なお、ここでは親綱が取り付けられていると判断された場合に緑に発光(点滅)するものを例としているが、発光動作や発光色は、作業者本人若しくは他者に親綱の取り付けの有無を認識させ得る任意の方法としてよい。例えば、親綱が取り付けられている場合には消灯し、親綱が取り付けられていない場合には赤に点滅等するものなどであってもよい。ただし、危険状態(親綱が取り付けられていない場合)を、発光等によって出力するものよりも、本実施形態のように、安全状態を発光等によって出力するものの方がより好ましい。バッテリー切れや故障等によって発光等の出力がなされないといった不具合に対して、安全サイドに働くためである。
【0026】
警報オン通知手段としての発光部である赤LEDテープライト15は、警報スイッチ13によって警報音の出力がオンとされている場合には点滅(赤)し、オフとされている場合には消灯する(制御部111によって発光・消灯が制御される)。

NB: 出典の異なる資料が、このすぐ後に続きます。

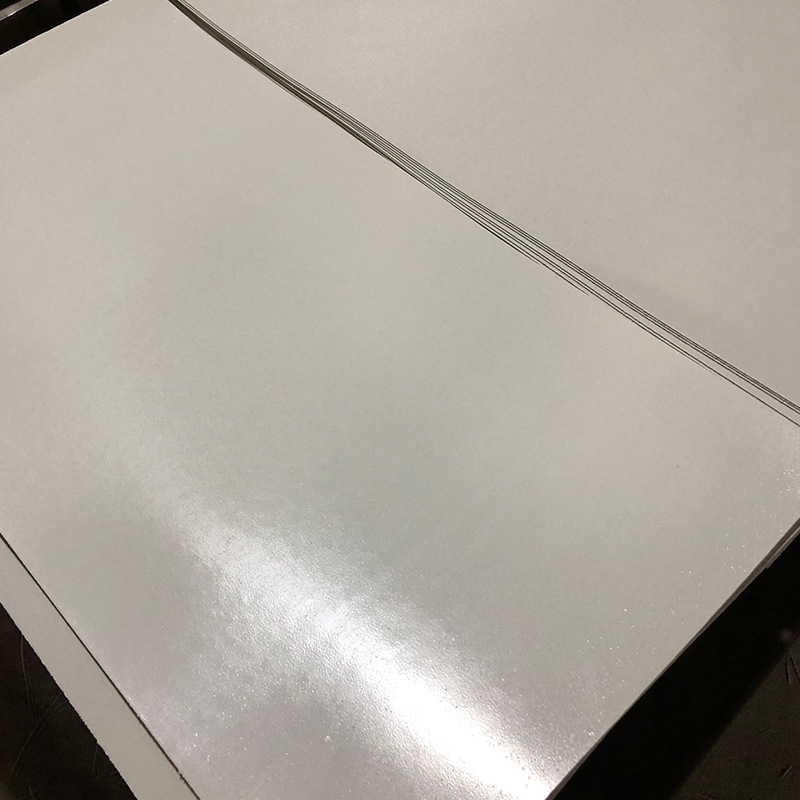 厂家批发瓷白色PE发泡板PE塑料卷可定箱包内衬板 发泡塑板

赤LEDテープライト15は、緑LEDテープライト14と同様に、ランヤード4に取り付けられており、ランヤード4に螺旋状に巻き付けられるようにして取り付けられている(緑LEDテープライト14と重ならないように巻き付けられている)。これにより、複数の発光体(LED)が、ランヤード4の周りに螺旋状に配置されている。
なお、ここでは警報音の出力がオンである場合に赤に発光(点滅)するものを例としているが、発光動作や発光色は、作業者本人若しくは他者に警報音のオン/オフを認識させ得る任意の方法としてよい。
また、本実施形態では、警報オンオフ通知手段の例として、警報音の出力がオンである場合を通知する警報オン通知手段として説明したが、警報音の出力がオフである場合を通知する警報オフ通知手段であってもよい。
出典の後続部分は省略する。